Когда-то я, прознав о пожертвованиях Ткаченко, подошел к нему, что-то спросил — и Ваня вдруг разозлился. Указал на меня клюшкой: «Не вздумай об этом писать!».

Ткаченко и злость — это выглядело очень странно и даже комично. Не видел бы сам — не поверил, что такое может быть. Но видел! Мне было интересно — что его так разобрало? Помогает и помогает. Расскажешь — может, и другие начнут. Жизнь случая выяснить не подарила. Но вот папу Вани спросил.
— А я вам расскажу! — ответил Леонид Владимирович. — Он с отцом Владимиром контачил. Тот внушил: по христианским понятиям, если ты занимаешься благотворительностью — правая рука не должна знать, что делает левая. Если подаешь — то подаешь. Что отдал — то твое. Что взял — то чужое.
— Что за отец Владимир?
— Священник. Окормлял «Локомотив». Приходил, что-то освящал, крестил детей, венчал. Вел беседы с ребятами. Ваня-то человек такой, сразу с ним сдружился, помогал ему. Церкви этой тоже. Она недалеко отсюда — село Федоровское. За Волгой. Стоит прямо в поле, рядом лесок. Отец Владимир так в ней и служит. Ездим время от времени — так он ругается: «Редко приезжаете!» — «Дела мирские все тянут…» Он тоже в фильме говорит про Ваню.
Мне б сразу после того разговора поехать в это село Федоровское. Но дела мирские увели. Все откладывал да откладывал — а потом новость: отец Владимир Вдовин, восстановивший храм Смоленской иконы Богоматери села Федоровского на левом берегу Волги, умер от инсульта. Кажется, возле стен церкви и похоронили. Теперь не расспросишь.

**
С кем бы ни играл «Локомотив» в Кубке Гагарина — переживаю только за него. Ввязываюсь в дурацкий спор с самим собой: это неправильно, присмотрись к другим… Мозги спорят с сердцем — и ожидаемо проигрывают. Я за «Локомотив», и это навсегда. Никитин там, Хартли или Квартальнов — это не имеет вообще никакого значения.
Я время от времени заезжаю в Ярославль. Но этот город для меня стал совсем другим. Люблю его как прежде и даже сильнее. Но теперь каждый уголок пропитан болью. У кого-то она стихла, но не у меня. Я укрываюсь за всем тем, о чем только что написал. Научился отключаться. Выходя из поезда, не смотреть в сторону Леонтьевского кладбища. Научился отгонять темные мысли, потому что с ними невыносимо.
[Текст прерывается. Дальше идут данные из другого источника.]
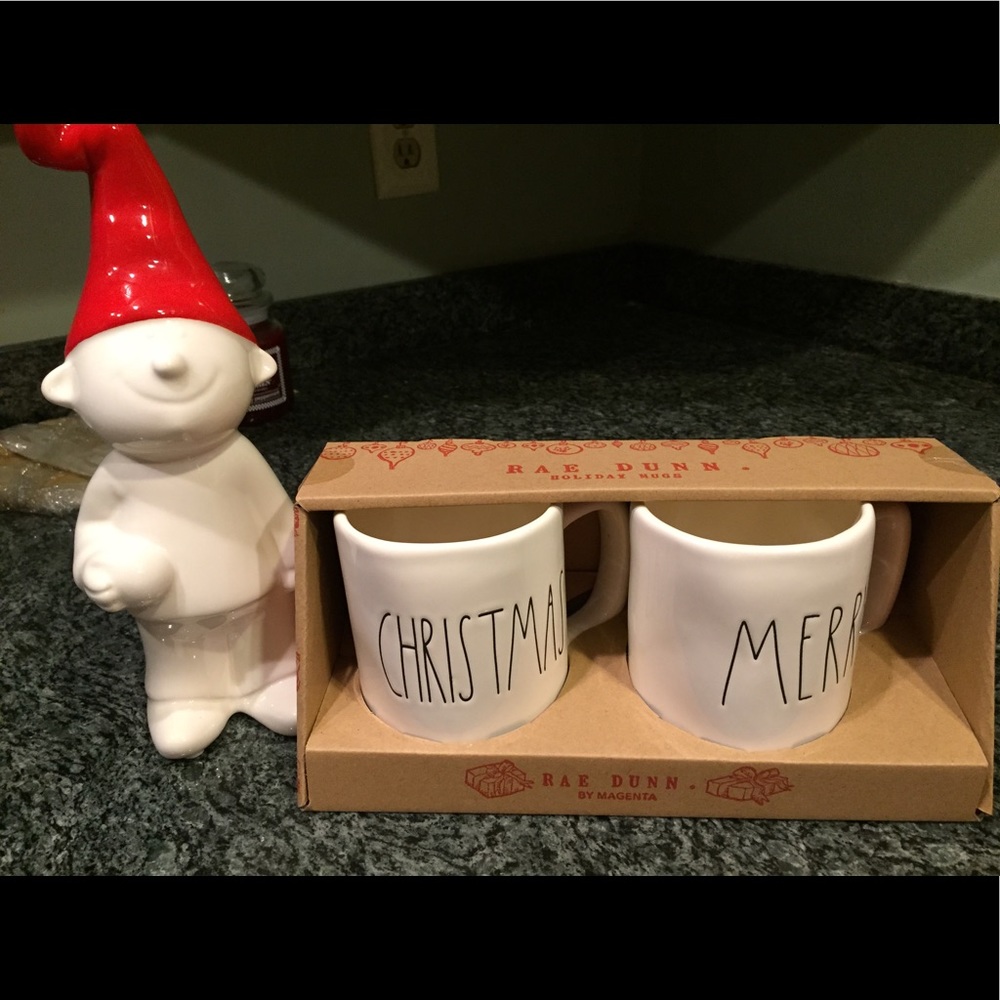 NWT Rae Dunn Hard to find " MERRY & CHRISTMAS mugs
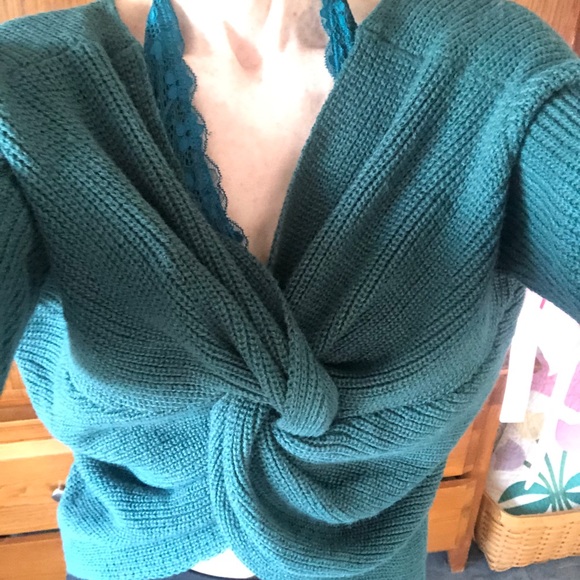 MISS MATCH Sweaters - ☘️NWT MISS MATCH  2 Way Wear Crop Knot Sweater☘️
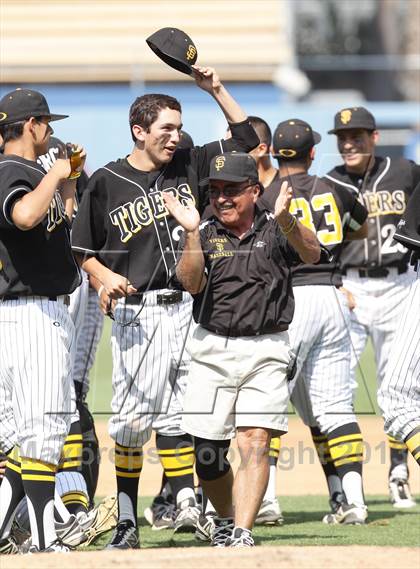 Thumbnail 1 in Cleveland vs. San Fernando (CIF LACS D1 Final) photogallery.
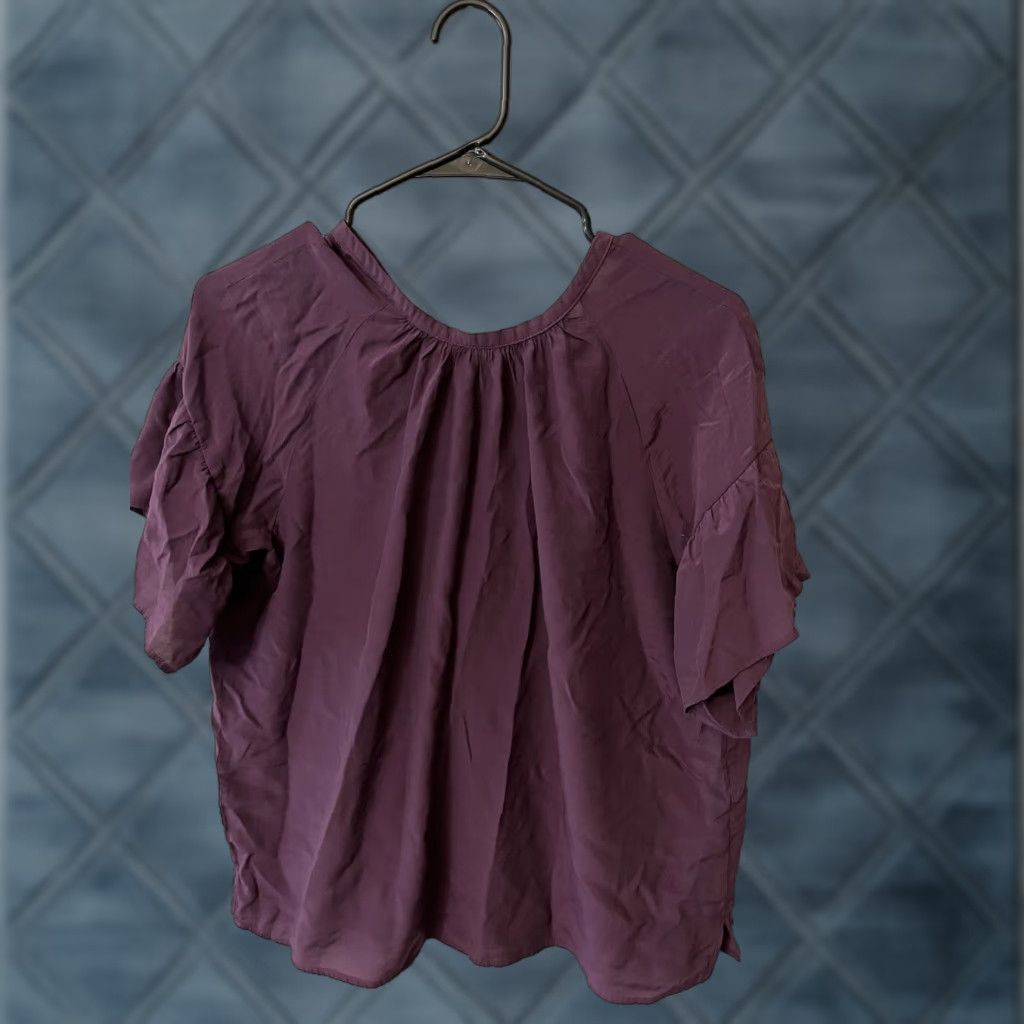 Loft LOFT Blouse Shirt Women’s Plum Purple Flutter Sleeve Tie Back Size PM Petite Two-Tone Floral Bow Workwear Modern Basic Womens Size M / US 6-8 / IT 42-44 - 1 Thumbnail
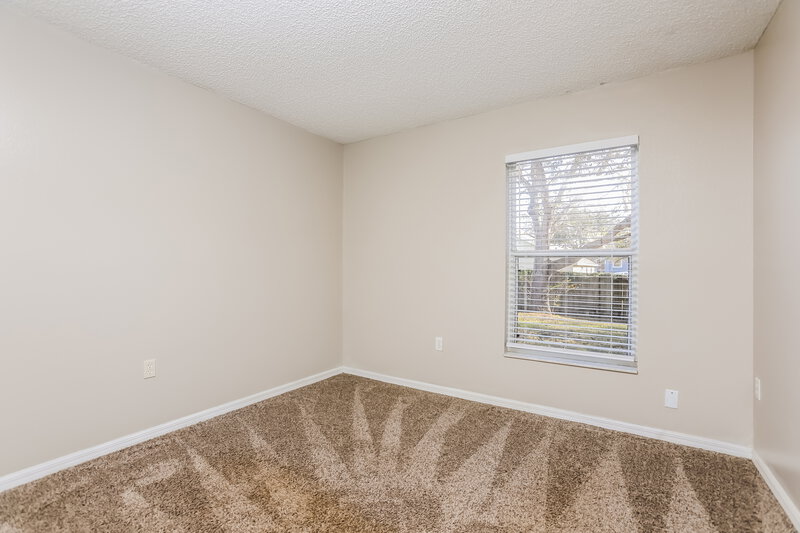 1,805/Mo, 30745 PGA Dr Sorrento, FL 32776 Bedroom View 2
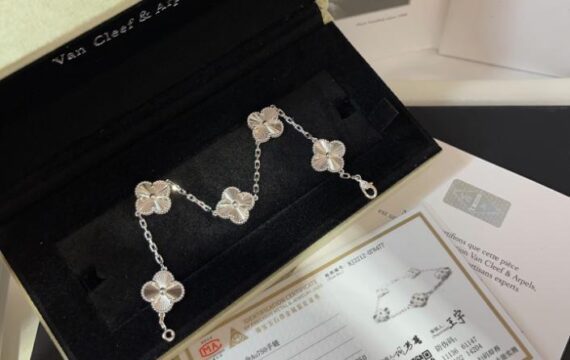 Van Cleef jewellery 3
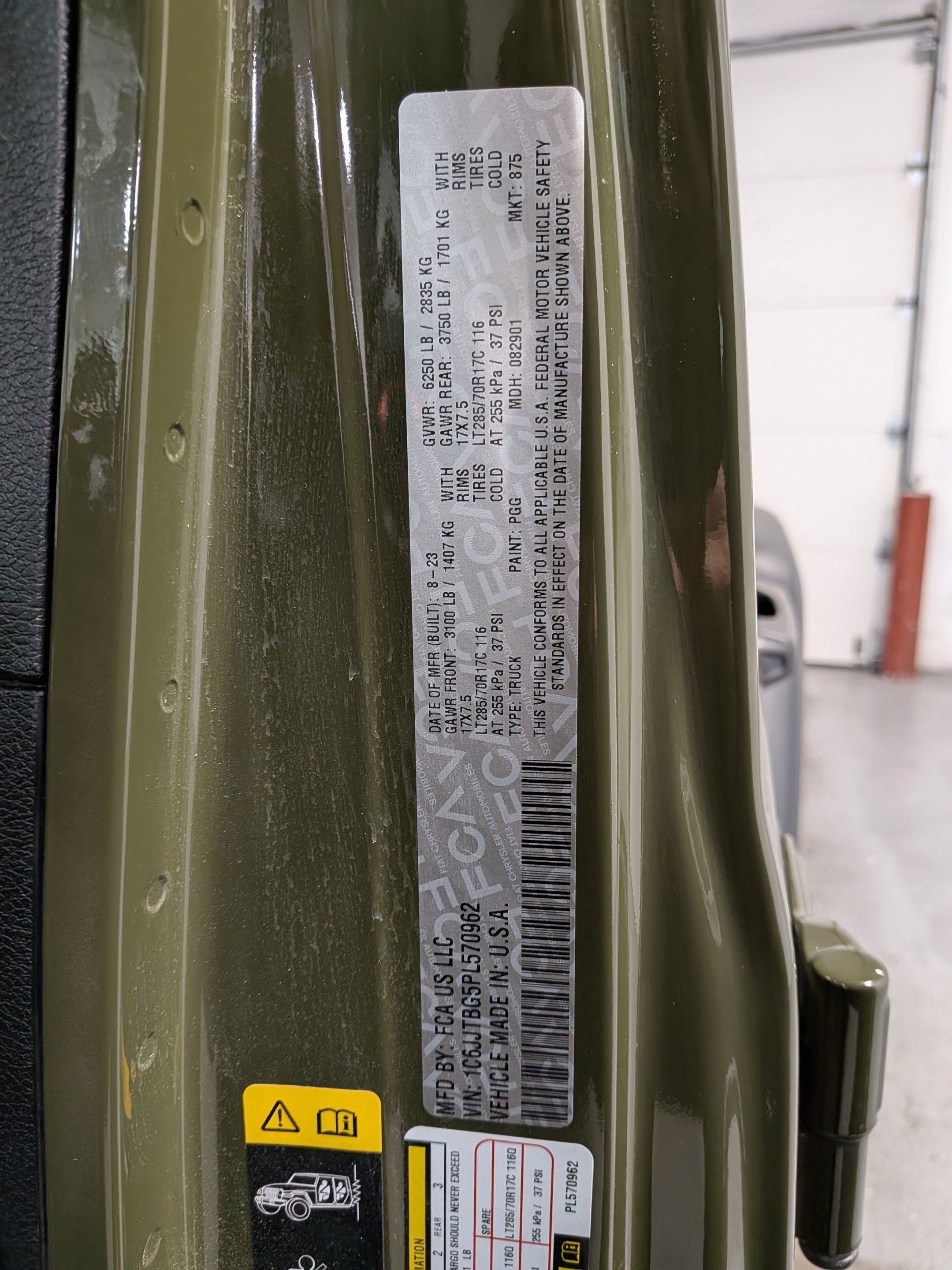 Used 2023 Sarge Green Clearcoat Jeep Rubicon image 35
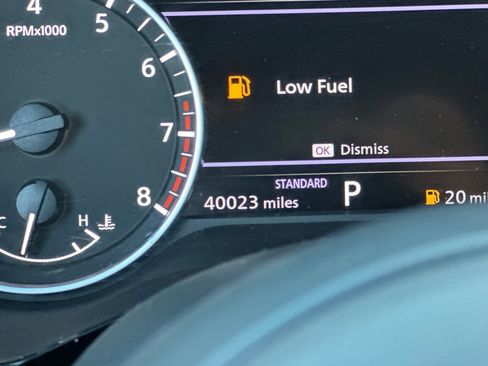 Used 2024 Nissan Pathfinder SV image 28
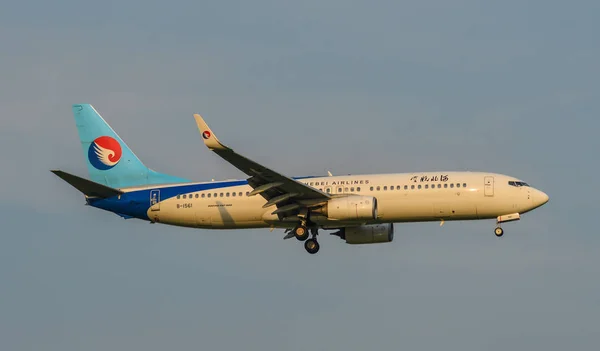 Bangkok Thaïlande Avril 2018 Boeing 737 Hebei Airlines Atterrissant Aéroport — Photo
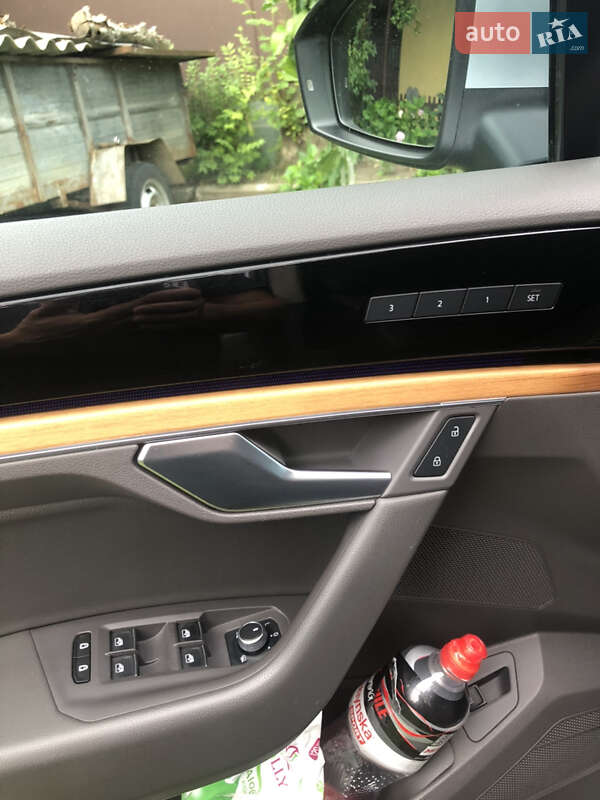 Внедорожник / Кроссовер Volkswagen Touareg 2018 в Тячеве фото 28 Внедорожник / Кроссовер Volkswagen Touareg 2018 в Тячеве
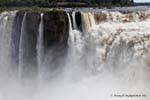 Parte superiore del lato brasiliano cascate, Puerto Iguazu Cataratas, Argentina.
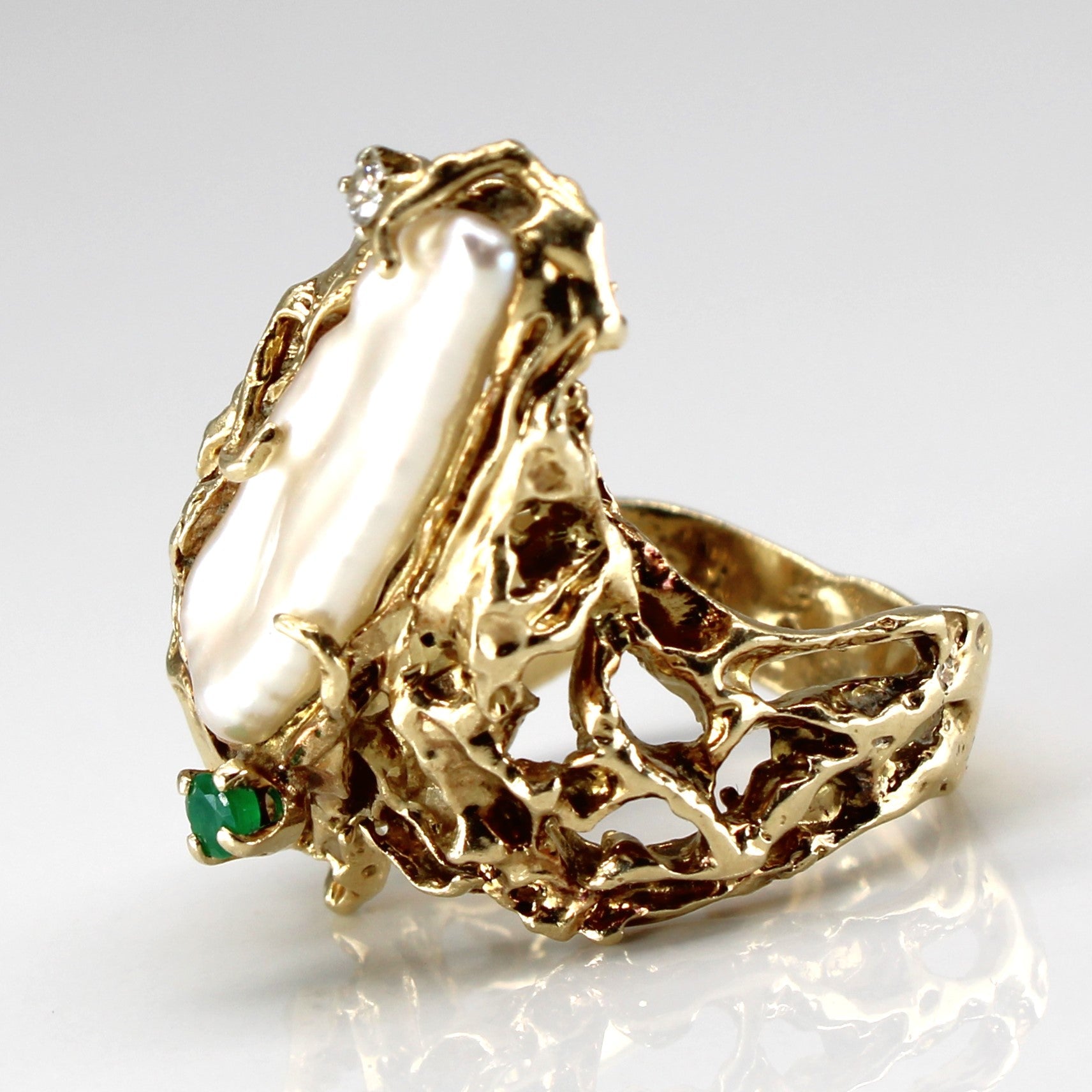 Textured Pearl Emerald & Diamond Ring | 0.15ct | 0.03ct | SZ 6.5 |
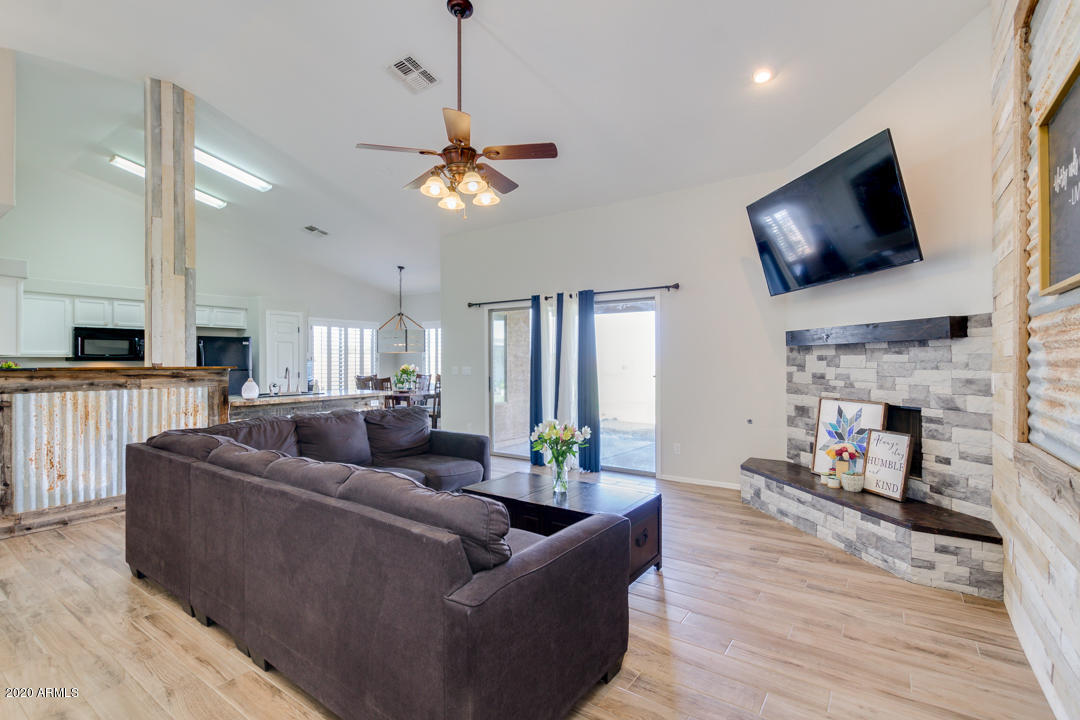 8807 South Dean Road Buckeye, AZ 85326 - Photo 4 of 35 08-Dean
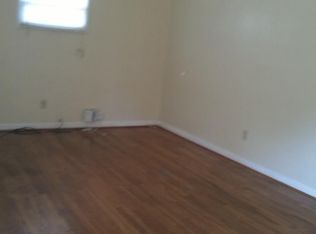 106 Winchester Dr, Hampton, VA 23666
Но отбросить насовсем не выходит. В тот же день иду через весь город туда, к Леонтьевскому. Где почти весь «Локомотив». А рядышком мой друг, прекрасный тренер Сергей Николаев. Всем известный Сеич. Только к нему мало кто заглядывает. Стою и вспоминаю, как приезжал за мной к поезду на стального цвета джипе японской морской пехоты. Ехали по городу — и каждая встреча была словно концерт. Судьбы переплелись — он, придумавший большой хоккей в Ярославле, лежит в десяти метрах от погибших парней. Да и странно погибший Рома Ляшенко тоже рядом. Будто подчеркивая, какой маленький, камерный городок наш Ярославль.
А «Локомотив»… «Локомотив» навсегда.